Genetically modified plants have been grown in some countries for over 20 years now – for example, in the USA, China and India. By contrast, “green” genetic engineering in the EU, and especially in Germany, is a controversial issue; in Germany, no genetically modified plants are grown commercially. However, discussions on the issue have been picking up again for a few months now. The EU Commission and scientific organisations such as the German Research Foundation (DFG) and the German National Academy of Sciences Leopoldina advocate that plant breeding methods should be given approval which are carried out with the aid of new methods of genetic engineering such as CRISPR/Cas and which are not distinguishable in their results from conventional methods of breeding. In February 2024, the EU Parliament voted for a relaxation of the regulations covering these new methods of genetic engineering and for a restricted labelling requirement. Many consumer protection and environmental organisations reject the reform proposed by the EU.

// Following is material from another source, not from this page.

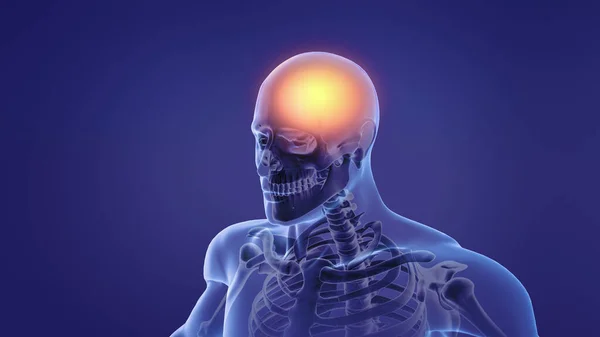 Pojęcie Mężczyzny Bólem Głowy — Zdjęcie stockowe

“We need to differentiate,” says Prof. Antje von Schaewen from the Institute of Biology and Biotechnology at the University of Münster. “There are transgenic plants which carry a gene alien to their species and which would not be affected by the relaxations. On the other hand, plants can be created, using modern methods, whose genetic material contains precisely placed point mutations such as occur in nature too – although there, in nature, they are the result of chance. Or genes characteristic of the species can be transferred – and more precisely than is possible using conventional breeding methods.” Antje von Schaewen has misgivings regarding the categorical rejection of green genetic engineering. “Yes, of course benefits and risks always have to be carefully examined. But let’s take the example of ‘golden rice’: in contrast to white rice, this sort contains provitamin A, thanks to genetic engineering. This gives it the potential to save the lives of around two million people in developing countries who go blind or die every year through malnutrition – and it’s mostly children who are affected.” This rice was ready to be marketed back in 2002. Then there were massive protests and lobbying by several organisations, including Greenpeace, and as a result the rice was not grown in the Philippines until 2020 – after scientists had repeatedly pointed out the benefits over a period of 20 years.

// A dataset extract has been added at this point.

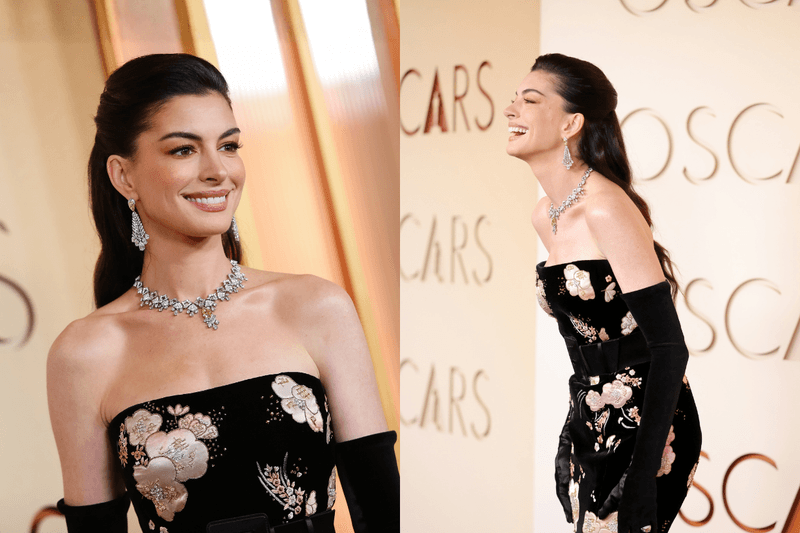 不用按摩、儀器：Anne Hathaway 不藏私，分享奧斯卡讓臉型「一秒拉提」的秘密！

Genetic engineering is very important for the natural and the life sciences – in order to find out, for example, how physical features or diseases occur, what processes take place at the molecular level, and what role the genes play in all this. Dandelions or tobacco plants, coli bacteria, viruses or yeast cells, zebra fish or fruit flies – the list of organisms which are genetically modified for research purposes is long. “Genetic engineering is a powerful tool for basic research – and one which we can no longer do without,” says Prof. Stefan Schulte-Merker from the Institute of Cardiovascular Organogenesis and Regeneration at the Faculty of Medicine. “The results of this research work – both in applied research and in practice – are indispensable for biomedical and social progress, whether it's in agriculture, hospitals or industry,” he says.

Author: Christina Hoppenbrock

This article appeared in the University newspaper wissen|leben No. 2, 4 April 2024.